Siamo nel 2016, quelli che sono nati dopo la fine del PCI ormai si sono laureati e se qualcuno pronuncia in loro presenza la parola “comunismo” non hanno reazioni allarmate o di rigetto. Peggio: non hanno reazioni. E’ come se gli si raccontasse di Zeus o del liocorno. Lo so, mio figlio ha 26 anni.
Però ha ancora meno speranze dei ragazzi di Berlinguer, vive in una società che offre ancora meno sicurezza di vita e di lavoro e gli altri drammi che evocava Enrico si sono incancreniti.
Volavamo alto, allora. Non ci limitavamo a chiedere lavoro, stato sociale, giustizia. Volevamo costruire una società in cui l’individuo non era la rotella di un ingranaggio, ma una persona libera perché non repressa nel suo anelito nobile di far brillare la fiammella etica che è dentro ognuno di noi: la vera libertà, non quella che offre l’individualismo, che è libertà di prevalere sugli altri.
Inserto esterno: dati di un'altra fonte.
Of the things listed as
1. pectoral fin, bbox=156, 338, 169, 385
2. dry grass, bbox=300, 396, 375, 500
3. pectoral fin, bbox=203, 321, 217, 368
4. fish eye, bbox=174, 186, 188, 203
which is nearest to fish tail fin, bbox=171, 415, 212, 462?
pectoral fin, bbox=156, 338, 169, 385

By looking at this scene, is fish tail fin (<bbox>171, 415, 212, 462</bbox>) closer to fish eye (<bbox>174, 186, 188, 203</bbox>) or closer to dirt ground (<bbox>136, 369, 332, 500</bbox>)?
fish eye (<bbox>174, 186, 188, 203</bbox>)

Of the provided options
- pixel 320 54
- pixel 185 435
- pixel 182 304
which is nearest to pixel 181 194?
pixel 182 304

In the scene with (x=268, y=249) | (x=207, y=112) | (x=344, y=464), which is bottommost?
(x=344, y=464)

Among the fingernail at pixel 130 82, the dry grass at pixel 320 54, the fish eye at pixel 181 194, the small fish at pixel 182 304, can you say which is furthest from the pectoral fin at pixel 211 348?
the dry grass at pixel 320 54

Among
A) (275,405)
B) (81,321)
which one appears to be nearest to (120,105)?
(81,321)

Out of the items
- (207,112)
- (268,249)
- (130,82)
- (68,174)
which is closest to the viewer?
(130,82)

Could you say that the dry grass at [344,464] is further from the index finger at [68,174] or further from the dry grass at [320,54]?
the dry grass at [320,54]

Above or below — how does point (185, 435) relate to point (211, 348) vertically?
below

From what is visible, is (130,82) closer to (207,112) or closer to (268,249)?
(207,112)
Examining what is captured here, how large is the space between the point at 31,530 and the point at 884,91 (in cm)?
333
Siamo nel 2016 e tra qualche giorno ci riuniremo a Roma per ricostruire una prospettiva di sinistra in questo Paese, dopo che il PD, che non si sa con quale faccia ritiri fuori di tanto in tanto il santino di Berlinguer, ha definitivamente cancellato quelle sue parole del ’72, seppellendole sotto un profluvio di modernismi funzionali al liberismo senza ideali.
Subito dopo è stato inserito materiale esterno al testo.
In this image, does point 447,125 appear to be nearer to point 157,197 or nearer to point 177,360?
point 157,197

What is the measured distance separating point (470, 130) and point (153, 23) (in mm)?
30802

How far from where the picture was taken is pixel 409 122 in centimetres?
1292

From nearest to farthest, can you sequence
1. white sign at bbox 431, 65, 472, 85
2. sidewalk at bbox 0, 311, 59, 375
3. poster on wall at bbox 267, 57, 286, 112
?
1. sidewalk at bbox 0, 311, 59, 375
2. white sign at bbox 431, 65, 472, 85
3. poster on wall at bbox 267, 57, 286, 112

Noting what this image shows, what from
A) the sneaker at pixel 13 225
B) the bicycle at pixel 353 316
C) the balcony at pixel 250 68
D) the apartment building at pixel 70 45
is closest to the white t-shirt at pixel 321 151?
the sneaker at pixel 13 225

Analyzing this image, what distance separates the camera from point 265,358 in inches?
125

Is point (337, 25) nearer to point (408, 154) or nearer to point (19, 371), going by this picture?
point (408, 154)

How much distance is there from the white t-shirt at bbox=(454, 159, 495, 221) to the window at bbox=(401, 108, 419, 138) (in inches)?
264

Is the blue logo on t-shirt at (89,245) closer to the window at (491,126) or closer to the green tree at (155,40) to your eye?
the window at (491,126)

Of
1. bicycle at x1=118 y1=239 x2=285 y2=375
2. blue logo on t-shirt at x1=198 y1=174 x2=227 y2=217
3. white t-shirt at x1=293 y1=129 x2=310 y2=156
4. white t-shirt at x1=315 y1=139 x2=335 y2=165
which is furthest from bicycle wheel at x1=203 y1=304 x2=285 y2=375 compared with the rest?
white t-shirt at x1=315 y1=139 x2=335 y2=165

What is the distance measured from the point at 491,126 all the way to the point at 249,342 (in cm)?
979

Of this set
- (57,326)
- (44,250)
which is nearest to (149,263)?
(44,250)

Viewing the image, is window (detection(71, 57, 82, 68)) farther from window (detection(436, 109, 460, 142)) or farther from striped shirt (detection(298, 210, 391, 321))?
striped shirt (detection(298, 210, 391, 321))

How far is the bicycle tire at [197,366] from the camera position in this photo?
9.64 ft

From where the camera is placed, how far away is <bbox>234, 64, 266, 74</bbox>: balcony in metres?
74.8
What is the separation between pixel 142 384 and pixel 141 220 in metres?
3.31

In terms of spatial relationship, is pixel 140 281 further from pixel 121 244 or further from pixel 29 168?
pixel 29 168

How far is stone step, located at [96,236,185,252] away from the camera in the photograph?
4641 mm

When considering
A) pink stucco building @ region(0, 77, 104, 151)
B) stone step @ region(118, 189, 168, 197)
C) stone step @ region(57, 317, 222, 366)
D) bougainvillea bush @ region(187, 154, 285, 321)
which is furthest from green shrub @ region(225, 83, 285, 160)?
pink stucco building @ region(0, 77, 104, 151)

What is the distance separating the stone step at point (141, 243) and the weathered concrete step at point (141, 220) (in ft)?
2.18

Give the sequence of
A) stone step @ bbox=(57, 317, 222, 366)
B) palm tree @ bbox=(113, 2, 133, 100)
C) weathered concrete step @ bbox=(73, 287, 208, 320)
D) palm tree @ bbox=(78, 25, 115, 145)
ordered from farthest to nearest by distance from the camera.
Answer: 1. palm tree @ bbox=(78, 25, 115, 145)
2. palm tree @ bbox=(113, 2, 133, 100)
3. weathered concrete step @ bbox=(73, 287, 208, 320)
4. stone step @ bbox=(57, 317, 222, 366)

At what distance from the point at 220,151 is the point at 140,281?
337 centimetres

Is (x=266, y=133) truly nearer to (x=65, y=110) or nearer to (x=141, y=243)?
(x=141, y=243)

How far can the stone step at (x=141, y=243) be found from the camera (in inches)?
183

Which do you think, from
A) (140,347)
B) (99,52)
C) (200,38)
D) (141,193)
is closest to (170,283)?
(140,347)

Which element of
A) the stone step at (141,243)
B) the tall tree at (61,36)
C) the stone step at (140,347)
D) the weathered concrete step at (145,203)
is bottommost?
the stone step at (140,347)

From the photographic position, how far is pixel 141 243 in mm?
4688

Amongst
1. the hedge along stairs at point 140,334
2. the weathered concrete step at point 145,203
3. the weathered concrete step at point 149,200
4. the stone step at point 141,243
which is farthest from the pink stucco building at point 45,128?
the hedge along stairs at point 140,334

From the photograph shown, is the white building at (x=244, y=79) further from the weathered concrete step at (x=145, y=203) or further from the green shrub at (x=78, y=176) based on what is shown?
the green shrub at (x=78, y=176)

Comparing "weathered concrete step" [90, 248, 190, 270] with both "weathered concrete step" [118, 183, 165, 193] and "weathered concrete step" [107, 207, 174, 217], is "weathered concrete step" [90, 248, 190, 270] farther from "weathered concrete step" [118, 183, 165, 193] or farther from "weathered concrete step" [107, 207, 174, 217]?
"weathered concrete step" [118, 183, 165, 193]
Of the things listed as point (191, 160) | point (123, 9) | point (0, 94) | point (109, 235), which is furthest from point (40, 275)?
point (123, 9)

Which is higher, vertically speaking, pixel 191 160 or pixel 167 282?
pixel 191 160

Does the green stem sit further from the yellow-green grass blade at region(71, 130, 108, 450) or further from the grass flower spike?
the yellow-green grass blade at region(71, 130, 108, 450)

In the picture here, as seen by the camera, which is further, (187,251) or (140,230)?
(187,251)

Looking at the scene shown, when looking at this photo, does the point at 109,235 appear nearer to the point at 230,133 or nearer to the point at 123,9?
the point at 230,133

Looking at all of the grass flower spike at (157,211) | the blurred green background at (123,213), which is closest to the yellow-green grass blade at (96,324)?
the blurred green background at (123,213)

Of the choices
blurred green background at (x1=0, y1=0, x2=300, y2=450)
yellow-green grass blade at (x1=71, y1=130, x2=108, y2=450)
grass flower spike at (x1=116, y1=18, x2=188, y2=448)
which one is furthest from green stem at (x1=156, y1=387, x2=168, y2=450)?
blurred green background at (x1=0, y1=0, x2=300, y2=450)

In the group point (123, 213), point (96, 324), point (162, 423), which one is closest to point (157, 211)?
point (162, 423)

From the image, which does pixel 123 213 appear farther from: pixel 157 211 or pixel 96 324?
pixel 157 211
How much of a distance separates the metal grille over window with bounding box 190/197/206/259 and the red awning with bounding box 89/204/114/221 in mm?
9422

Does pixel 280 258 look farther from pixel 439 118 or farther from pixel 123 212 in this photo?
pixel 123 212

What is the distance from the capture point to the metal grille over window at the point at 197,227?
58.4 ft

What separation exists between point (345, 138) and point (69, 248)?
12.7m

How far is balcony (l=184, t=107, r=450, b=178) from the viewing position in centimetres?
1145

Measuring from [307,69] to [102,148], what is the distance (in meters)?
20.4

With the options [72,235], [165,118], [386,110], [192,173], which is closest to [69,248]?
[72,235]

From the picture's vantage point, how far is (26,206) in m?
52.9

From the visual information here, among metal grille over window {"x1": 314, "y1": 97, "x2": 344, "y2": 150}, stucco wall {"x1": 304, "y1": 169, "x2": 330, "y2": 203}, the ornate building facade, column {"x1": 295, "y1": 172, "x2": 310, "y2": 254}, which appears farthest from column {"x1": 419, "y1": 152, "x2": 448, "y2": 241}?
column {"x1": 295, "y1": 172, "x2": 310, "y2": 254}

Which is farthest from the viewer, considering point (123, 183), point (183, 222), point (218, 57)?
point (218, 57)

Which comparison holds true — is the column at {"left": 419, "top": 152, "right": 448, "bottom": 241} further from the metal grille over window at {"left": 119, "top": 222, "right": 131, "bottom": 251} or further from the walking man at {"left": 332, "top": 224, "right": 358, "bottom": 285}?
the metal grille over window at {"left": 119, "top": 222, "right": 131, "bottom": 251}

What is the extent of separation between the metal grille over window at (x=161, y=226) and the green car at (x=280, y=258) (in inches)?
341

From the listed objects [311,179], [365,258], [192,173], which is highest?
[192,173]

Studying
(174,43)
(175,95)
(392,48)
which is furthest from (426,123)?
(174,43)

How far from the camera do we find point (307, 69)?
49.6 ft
Siamo nel 2016 e non nel 1972, ma io vorrei che a Cosmopolitica si tornasse a volare alto, nonostante il nome che sembra uno scherzo, e che non si ciondolasse tra tavoli tematici per tirare fuori qualche idea brillante e un po’ fricchettona, ma che fa tanta narrazione.
Vorrei, nel 2016, rinverdire quelle parole del 1972 perché sono parole di sempre, parlano di progetto di un’altra società, non si accontentano di sfrondare delle più evidenti ingiustizie lo squallore nichilista di questa in cui annaspiamo, di correggere con qualche tatticismo improvvisato alla Pisapia le sue più lampanti storture.
Mi piacerebbe, oggi, 44 anni dopo, tornare a parlare di quello scarto che indicava Berlinguer tra la società attuale di passioni tristi e quella futura di dispiegamento della dignità dell’uomo.
Ripartire da quella proposta di senso, oltre che politica, con coraggio radicale.
Se il progetto di rinascita della sinistra fosse partito con questo spirito di critica profonda dell’esistente non sarebbe rimasto impastoiato nel basso profilo del dibattito sulle alleanze alle amministrative, approdato ad un mosaico pasticciato di posizionamenti, un parapiglia indotto dalla paura di osare troppo.
E’ arrivato il momento di tornare ad osare.